**Exercise materials:**
=-=-=-=-=

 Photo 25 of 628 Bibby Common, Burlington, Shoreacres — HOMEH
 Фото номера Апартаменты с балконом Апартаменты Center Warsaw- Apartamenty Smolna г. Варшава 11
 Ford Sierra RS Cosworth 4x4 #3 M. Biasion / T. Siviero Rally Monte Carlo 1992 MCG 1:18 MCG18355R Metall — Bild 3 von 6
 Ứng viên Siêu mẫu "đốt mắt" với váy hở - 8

=-=-=-=-=

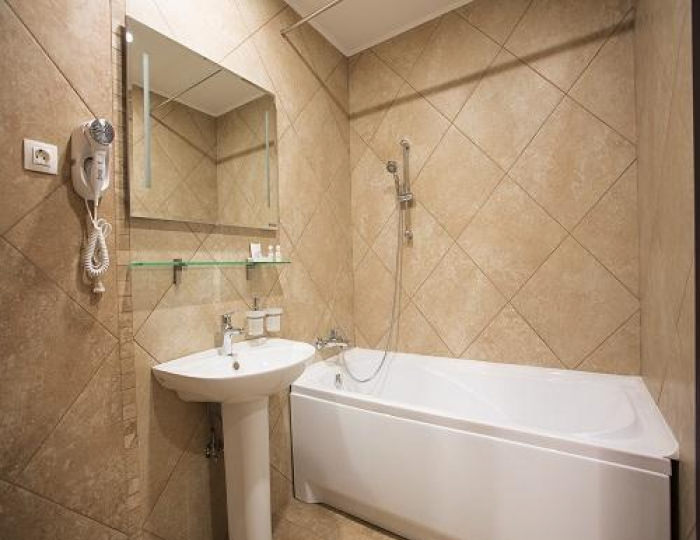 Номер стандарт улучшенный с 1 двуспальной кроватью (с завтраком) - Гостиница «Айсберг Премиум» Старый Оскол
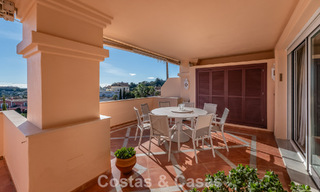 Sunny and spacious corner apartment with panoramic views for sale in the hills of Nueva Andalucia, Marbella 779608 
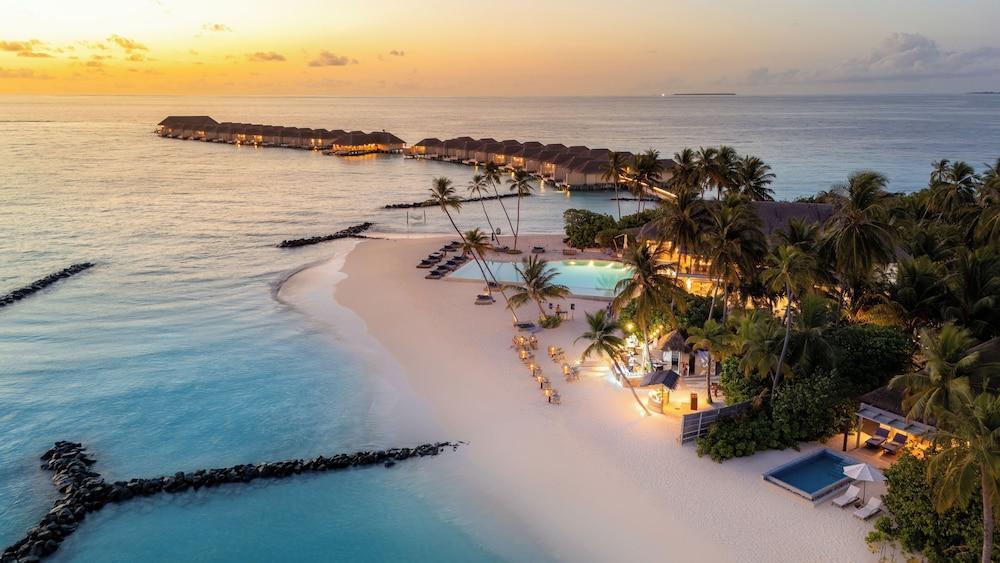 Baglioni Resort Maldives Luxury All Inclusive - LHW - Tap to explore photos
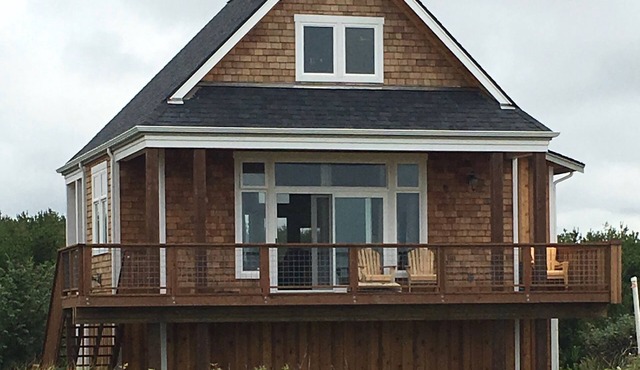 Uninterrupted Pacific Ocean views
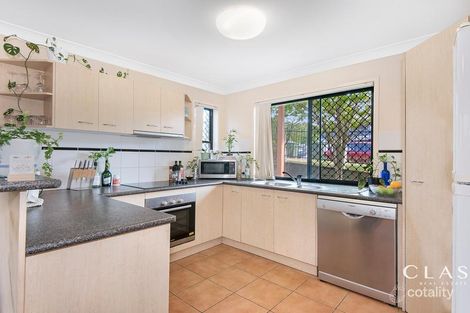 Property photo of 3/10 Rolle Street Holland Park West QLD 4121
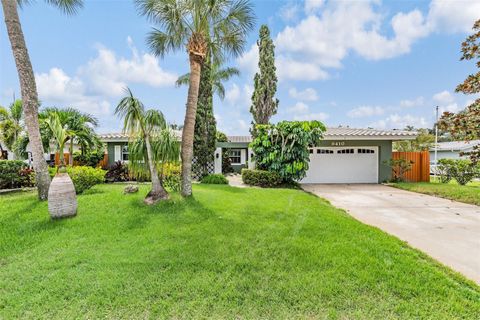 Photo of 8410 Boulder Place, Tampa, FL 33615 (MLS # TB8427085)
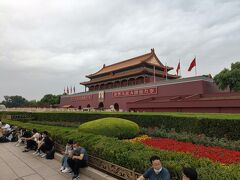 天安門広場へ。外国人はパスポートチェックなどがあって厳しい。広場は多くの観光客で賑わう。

=-=-=-=-=

No picture is to be printed. Output exactly the lines above from the line containing "Baglioni Resort Maldives" through the line containing "天安門広場へ。外国人はパスポ".

**Exercise result:**
 Baglioni Resort Maldives Luxury All Inclusive - LHW - Tap to explore photos
 Uninterrupted Pacific Ocean views
 Property photo of 3/10 Rolle Street Holland Park West QLD 4121
 Photo of 8410 Boulder Place, Tampa, FL 33615 (MLS # TB8427085)
 天安門広場へ。外国人はパスポートチェックなどがあって厳しい。広場は多くの観光客で賑わう。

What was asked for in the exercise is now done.